On the back of the Carillion debacle, when it went bust owing £7 billion, this is yet more evidence that the private sector has no place running our public services.  We are out on a limb as a country with the Economist calling us the “world-leader” in the privatisation of public services.  It has been a colossul experiment.  It has failed.

 

Mrs Morgan’s Tilda Rice Brexit was as unclear as ever, Labour is the only party offering a secure jobs-first Brexit

Yesterday we were treated to Loughborough’s Tory MP Nicky Morgan joining Nick Clegg and David Miliband at the Tilda Rice factory in Essex to say… well what exactly?  The truth is that that in our country we have a party system.  Politicians stand on a party manifesto, get elected, and then what happens is largely shaped by that manifesto, and the cabinet working in concert with the whips and the parliamentary party.

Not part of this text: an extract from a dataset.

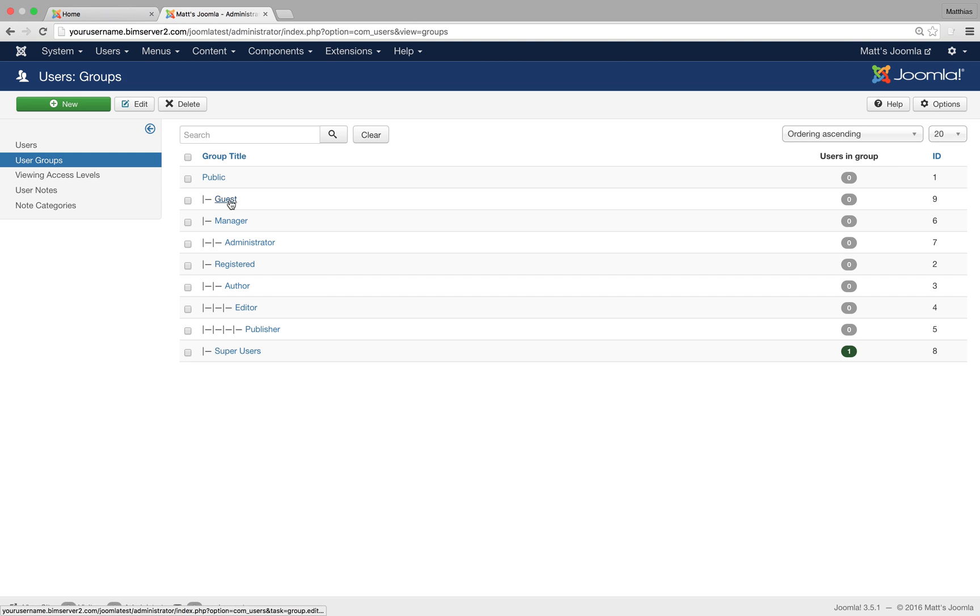So if you set something to guest, this is basically for users that are not logged in. This is useful if you want to display special information for users that are not logged in. But many websites wouldn't need that group at all.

On the Conservative side, these basic facts are becomingly increasingly strained.  The recent furore around a made-up customs partnership versus the soundbite “maximum facilitation” is just the latest symptom of a party comprised of people who cannot even reconcile their own personal ideological approach with the substantive measures they are calling for.

So, this begs the question of where did Mrs Morgan’s intervention at the Tilda Rice plant get us and the voter in trying to discern an alternative approach to Brexit and how that may be achieved?

Mrs Morgan has been as unclear as she has been inconsistent on what type of soft-Brexit she would like.  Much less, on how she, a Conservative, will advance the country’s position.

In March of this year Nicky Morgan took to the BBC to say “mutual recognition of regulations is the way to go” in endorsing the substance of the Prime Minister’s Mansion House Brexit speech.  This is a very far cry from membership of the European Economic Area or achieving any benefit of the single market: “mutual recognition” of regulations is very different to the “mutual adoption” of regulations that would be required to properly enjoy single market benefits.

Perhaps it is this lack of clarity that has undermined her efforts to shape Tory policy on Brexit.  Or perhaps it is the fact that her approach offers a very fuzzy alternative to the two well-established camps in cabinet.  And with the hard Brexiteers in the ascendancy it has been, and will remain, a case of vote for a Tory MP, get hard Tory Brexit.